WORK REQUEST >> Please retype the data in full, exactly as given.

GIVEN DATA >>
::::::
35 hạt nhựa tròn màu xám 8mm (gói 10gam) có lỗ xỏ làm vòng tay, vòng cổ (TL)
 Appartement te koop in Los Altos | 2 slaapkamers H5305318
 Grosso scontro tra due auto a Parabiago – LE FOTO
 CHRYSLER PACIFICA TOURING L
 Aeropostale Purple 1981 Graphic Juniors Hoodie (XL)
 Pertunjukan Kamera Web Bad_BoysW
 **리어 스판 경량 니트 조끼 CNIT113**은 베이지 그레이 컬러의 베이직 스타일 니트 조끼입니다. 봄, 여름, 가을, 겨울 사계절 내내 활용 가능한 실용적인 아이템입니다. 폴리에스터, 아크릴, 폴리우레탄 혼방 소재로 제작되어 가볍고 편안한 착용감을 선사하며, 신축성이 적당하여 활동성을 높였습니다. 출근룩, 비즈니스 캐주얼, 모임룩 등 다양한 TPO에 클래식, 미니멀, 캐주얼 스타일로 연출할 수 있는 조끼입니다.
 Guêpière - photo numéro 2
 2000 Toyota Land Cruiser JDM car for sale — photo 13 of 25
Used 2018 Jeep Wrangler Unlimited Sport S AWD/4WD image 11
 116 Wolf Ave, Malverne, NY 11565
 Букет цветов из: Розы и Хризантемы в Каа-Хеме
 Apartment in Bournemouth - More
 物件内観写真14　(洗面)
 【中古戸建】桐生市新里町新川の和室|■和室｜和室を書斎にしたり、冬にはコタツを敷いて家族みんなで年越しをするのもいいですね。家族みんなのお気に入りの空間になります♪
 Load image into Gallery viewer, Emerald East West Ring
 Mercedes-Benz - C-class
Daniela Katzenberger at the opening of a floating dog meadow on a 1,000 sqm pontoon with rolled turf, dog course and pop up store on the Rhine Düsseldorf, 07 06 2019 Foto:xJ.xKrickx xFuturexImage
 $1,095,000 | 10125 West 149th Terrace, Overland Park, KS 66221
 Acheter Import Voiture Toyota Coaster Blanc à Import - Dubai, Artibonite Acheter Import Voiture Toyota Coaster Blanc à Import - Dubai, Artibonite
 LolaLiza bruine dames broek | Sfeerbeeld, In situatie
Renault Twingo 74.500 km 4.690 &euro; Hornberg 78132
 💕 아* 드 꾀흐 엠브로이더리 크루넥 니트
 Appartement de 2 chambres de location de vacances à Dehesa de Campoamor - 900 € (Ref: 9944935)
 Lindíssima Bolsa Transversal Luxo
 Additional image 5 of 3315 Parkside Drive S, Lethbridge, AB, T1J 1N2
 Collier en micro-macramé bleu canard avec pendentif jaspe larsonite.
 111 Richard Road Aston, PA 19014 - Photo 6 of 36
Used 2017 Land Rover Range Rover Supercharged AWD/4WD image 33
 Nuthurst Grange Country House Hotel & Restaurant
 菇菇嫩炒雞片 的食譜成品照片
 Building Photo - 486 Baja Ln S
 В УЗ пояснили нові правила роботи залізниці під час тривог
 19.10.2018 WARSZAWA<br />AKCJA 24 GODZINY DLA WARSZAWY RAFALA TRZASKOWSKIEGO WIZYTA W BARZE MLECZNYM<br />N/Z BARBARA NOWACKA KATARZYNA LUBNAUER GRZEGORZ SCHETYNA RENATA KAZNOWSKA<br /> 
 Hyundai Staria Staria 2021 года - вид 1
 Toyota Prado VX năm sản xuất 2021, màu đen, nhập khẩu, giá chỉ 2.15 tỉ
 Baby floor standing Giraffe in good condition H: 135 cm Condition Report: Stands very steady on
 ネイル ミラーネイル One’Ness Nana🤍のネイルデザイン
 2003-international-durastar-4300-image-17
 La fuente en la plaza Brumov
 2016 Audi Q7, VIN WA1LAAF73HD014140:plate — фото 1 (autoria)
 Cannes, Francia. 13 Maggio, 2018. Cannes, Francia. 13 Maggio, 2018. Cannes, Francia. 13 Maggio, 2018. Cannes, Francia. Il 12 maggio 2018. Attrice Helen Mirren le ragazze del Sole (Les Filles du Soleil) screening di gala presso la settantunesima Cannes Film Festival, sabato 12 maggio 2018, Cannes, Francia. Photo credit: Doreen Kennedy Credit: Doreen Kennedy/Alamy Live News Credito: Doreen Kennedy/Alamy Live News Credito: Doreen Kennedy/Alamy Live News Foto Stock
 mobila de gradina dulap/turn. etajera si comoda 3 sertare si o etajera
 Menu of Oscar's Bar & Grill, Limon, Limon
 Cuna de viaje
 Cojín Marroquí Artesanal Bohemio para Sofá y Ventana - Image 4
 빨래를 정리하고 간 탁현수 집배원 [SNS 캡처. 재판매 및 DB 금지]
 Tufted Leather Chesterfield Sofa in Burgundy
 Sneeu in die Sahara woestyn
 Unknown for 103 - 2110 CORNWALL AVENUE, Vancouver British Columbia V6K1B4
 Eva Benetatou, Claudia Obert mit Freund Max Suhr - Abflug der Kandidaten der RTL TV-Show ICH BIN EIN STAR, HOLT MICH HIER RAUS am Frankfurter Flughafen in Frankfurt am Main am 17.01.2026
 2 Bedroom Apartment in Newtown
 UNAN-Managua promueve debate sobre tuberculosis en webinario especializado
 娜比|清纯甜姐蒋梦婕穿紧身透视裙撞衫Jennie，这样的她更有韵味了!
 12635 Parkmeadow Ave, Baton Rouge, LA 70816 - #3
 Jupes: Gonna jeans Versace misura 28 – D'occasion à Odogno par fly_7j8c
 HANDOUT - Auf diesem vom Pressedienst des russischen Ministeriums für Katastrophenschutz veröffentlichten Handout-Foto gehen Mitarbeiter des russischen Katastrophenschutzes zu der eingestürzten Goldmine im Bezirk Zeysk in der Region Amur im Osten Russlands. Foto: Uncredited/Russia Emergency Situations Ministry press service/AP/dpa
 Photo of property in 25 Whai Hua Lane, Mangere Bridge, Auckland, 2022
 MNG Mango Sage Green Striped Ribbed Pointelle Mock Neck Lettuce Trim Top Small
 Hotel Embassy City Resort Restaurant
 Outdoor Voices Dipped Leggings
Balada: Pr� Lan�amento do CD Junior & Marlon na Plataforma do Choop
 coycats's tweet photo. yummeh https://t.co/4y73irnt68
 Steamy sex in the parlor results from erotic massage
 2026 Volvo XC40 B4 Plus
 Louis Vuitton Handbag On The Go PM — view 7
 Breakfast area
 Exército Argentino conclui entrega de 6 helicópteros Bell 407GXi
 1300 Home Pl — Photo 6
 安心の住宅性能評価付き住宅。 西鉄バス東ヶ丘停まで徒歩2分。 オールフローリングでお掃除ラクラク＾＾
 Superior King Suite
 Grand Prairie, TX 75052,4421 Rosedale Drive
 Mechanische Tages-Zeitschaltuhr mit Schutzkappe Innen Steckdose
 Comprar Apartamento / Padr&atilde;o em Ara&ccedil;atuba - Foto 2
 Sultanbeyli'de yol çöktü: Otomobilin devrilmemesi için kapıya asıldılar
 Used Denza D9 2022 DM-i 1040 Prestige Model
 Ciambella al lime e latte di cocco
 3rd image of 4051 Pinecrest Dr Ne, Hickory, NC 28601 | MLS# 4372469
::::::
SOLUTION TO THE PROBLEM >>
35 hạt nhựa tròn màu xám 8mm (gói 10gam) có lỗ xỏ làm vòng tay, vòng cổ (TL)
 Appartement te koop in Los Altos | 2 slaapkamers H5305318
 Grosso scontro tra due auto a Parabiago – LE FOTO
 CHRYSLER PACIFICA TOURING L
 Aeropostale Purple 1981 Graphic Juniors Hoodie (XL)
 Pertunjukan Kamera Web Bad_BoysW
 **리어 스판 경량 니트 조끼 CNIT113**은 베이지 그레이 컬러의 베이직 스타일 니트 조끼입니다. 봄, 여름, 가을, 겨울 사계절 내내 활용 가능한 실용적인 아이템입니다. 폴리에스터, 아크릴, 폴리우레탄 혼방 소재로 제작되어 가볍고 편안한 착용감을 선사하며, 신축성이 적당하여 활동성을 높였습니다. 출근룩, 비즈니스 캐주얼, 모임룩 등 다양한 TPO에 클래식, 미니멀, 캐주얼 스타일로 연출할 수 있는 조끼입니다.
 Guêpière - photo numéro 2
 2000 Toyota Land Cruiser JDM car for sale — photo 13 of 25
Used 2018 Jeep Wrangler Unlimited Sport S AWD/4WD image 11
 116 Wolf Ave, Malverne, NY 11565
 Букет цветов из: Розы и Хризантемы в Каа-Хеме
 Apartment in Bournemouth - More
 物件内観写真14　(洗面)
 【中古戸建】桐生市新里町新川の和室|■和室｜和室を書斎にしたり、冬にはコタツを敷いて家族みんなで年越しをするのもいいですね。家族みんなのお気に入りの空間になります♪
 Load image into Gallery viewer, Emerald East West Ring
 Mercedes-Benz - C-class
Daniela Katzenberger at the opening of a floating dog meadow on a 1,000 sqm pontoon with rolled turf, dog course and pop up store on the Rhine Düsseldorf, 07 06 2019 Foto:xJ.xKrickx xFuturexImage
 $1,095,000 | 10125 West 149th Terrace, Overland Park, KS 66221
 Acheter Import Voiture Toyota Coaster Blanc à Import - Dubai, Artibonite Acheter Import Voiture Toyota Coaster Blanc à Import - Dubai, Artibonite
 LolaLiza bruine dames broek | Sfeerbeeld, In situatie
Renault Twingo 74.500 km 4.690 &euro; Hornberg 78132
 💕 아* 드 꾀흐 엠브로이더리 크루넥 니트
 Appartement de 2 chambres de location de vacances à Dehesa de Campoamor - 900 € (Ref: 9944935)
 Lindíssima Bolsa Transversal Luxo
 Additional image 5 of 3315 Parkside Drive S, Lethbridge, AB, T1J 1N2
 Collier en micro-macramé bleu canard avec pendentif jaspe larsonite.
 111 Richard Road Aston, PA 19014 - Photo 6 of 36
Used 2017 Land Rover Range Rover Supercharged AWD/4WD image 33
 Nuthurst Grange Country House Hotel & Restaurant
 菇菇嫩炒雞片 的食譜成品照片
 Building Photo - 486 Baja Ln S
 В УЗ пояснили нові правила роботи залізниці під час тривог
 19.10.2018 WARSZAWA<br />AKCJA 24 GODZINY DLA WARSZAWY RAFALA TRZASKOWSKIEGO WIZYTA W BARZE MLECZNYM<br />N/Z BARBARA NOWACKA KATARZYNA LUBNAUER GRZEGORZ SCHETYNA RENATA KAZNOWSKA<br /> 
 Hyundai Staria Staria 2021 года - вид 1
 Toyota Prado VX năm sản xuất 2021, màu đen, nhập khẩu, giá chỉ 2.15 tỉ
 Baby floor standing Giraffe in good condition H: 135 cm Condition Report: Stands very steady on
 ネイル ミラーネイル One’Ness Nana🤍のネイルデザイン
 2003-international-durastar-4300-image-17
 La fuente en la plaza Brumov
 2016 Audi Q7, VIN WA1LAAF73HD014140:plate — фото 1 (autoria)
 Cannes, Francia. 13 Maggio, 2018. Cannes, Francia. 13 Maggio, 2018. Cannes, Francia. 13 Maggio, 2018. Cannes, Francia. Il 12 maggio 2018. Attrice Helen Mirren le ragazze del Sole (Les Filles du Soleil) screening di gala presso la settantunesima Cannes Film Festival, sabato 12 maggio 2018, Cannes, Francia. Photo credit: Doreen Kennedy Credit: Doreen Kennedy/Alamy Live News Credito: Doreen Kennedy/Alamy Live News Credito: Doreen Kennedy/Alamy Live News Foto Stock
 mobila de gradina dulap/turn. etajera si comoda 3 sertare si o etajera
 Menu of Oscar's Bar & Grill, Limon, Limon
 Cuna de viaje
 Cojín Marroquí Artesanal Bohemio para Sofá y Ventana - Image 4
 빨래를 정리하고 간 탁현수 집배원 [SNS 캡처. 재판매 및 DB 금지]
 Tufted Leather Chesterfield Sofa in Burgundy
 Sneeu in die Sahara woestyn
 Unknown for 103 - 2110 CORNWALL AVENUE, Vancouver British Columbia V6K1B4
 Eva Benetatou, Claudia Obert mit Freund Max Suhr - Abflug der Kandidaten der RTL TV-Show ICH BIN EIN STAR, HOLT MICH HIER RAUS am Frankfurter Flughafen in Frankfurt am Main am 17.01.2026
 2 Bedroom Apartment in Newtown
 UNAN-Managua promueve debate sobre tuberculosis en webinario especializado
 娜比|清纯甜姐蒋梦婕穿紧身透视裙撞衫Jennie，这样的她更有韵味了!
 12635 Parkmeadow Ave, Baton Rouge, LA 70816 - #3
 Jupes: Gonna jeans Versace misura 28 – D'occasion à Odogno par fly_7j8c
 HANDOUT - Auf diesem vom Pressedienst des russischen Ministeriums für Katastrophenschutz veröffentlichten Handout-Foto gehen Mitarbeiter des russischen Katastrophenschutzes zu der eingestürzten Goldmine im Bezirk Zeysk in der Region Amur im Osten Russlands. Foto: Uncredited/Russia Emergency Situations Ministry press service/AP/dpa
 Photo of property in 25 Whai Hua Lane, Mangere Bridge, Auckland, 2022
 MNG Mango Sage Green Striped Ribbed Pointelle Mock Neck Lettuce Trim Top Small
 Hotel Embassy City Resort Restaurant
 Outdoor Voices Dipped Leggings
Balada: Pr� Lan�amento do CD Junior & Marlon na Plataforma do Choop
 coycats's tweet photo. yummeh https://t.co/4y73irnt68
 Steamy sex in the parlor results from erotic massage
 2026 Volvo XC40 B4 Plus
 Louis Vuitton Handbag On The Go PM — view 7
 Breakfast area
 Exército Argentino conclui entrega de 6 helicópteros Bell 407GXi
 1300 Home Pl — Photo 6
 安心の住宅性能評価付き住宅。 西鉄バス東ヶ丘停まで徒歩2分。 オールフローリングでお掃除ラクラク＾＾
 Superior King Suite
 Grand Prairie, TX 75052,4421 Rosedale Drive
 Mechanische Tages-Zeitschaltuhr mit Schutzkappe Innen Steckdose
 Comprar Apartamento / Padr&atilde;o em Ara&ccedil;atuba - Foto 2
 Sultanbeyli'de yol çöktü: Otomobilin devrilmemesi için kapıya asıldılar
 Used Denza D9 2022 DM-i 1040 Prestige Model
 Ciambella al lime e latte di cocco
 3rd image of 4051 Pinecrest Dr Ne, Hickory, NC 28601 | MLS# 4372469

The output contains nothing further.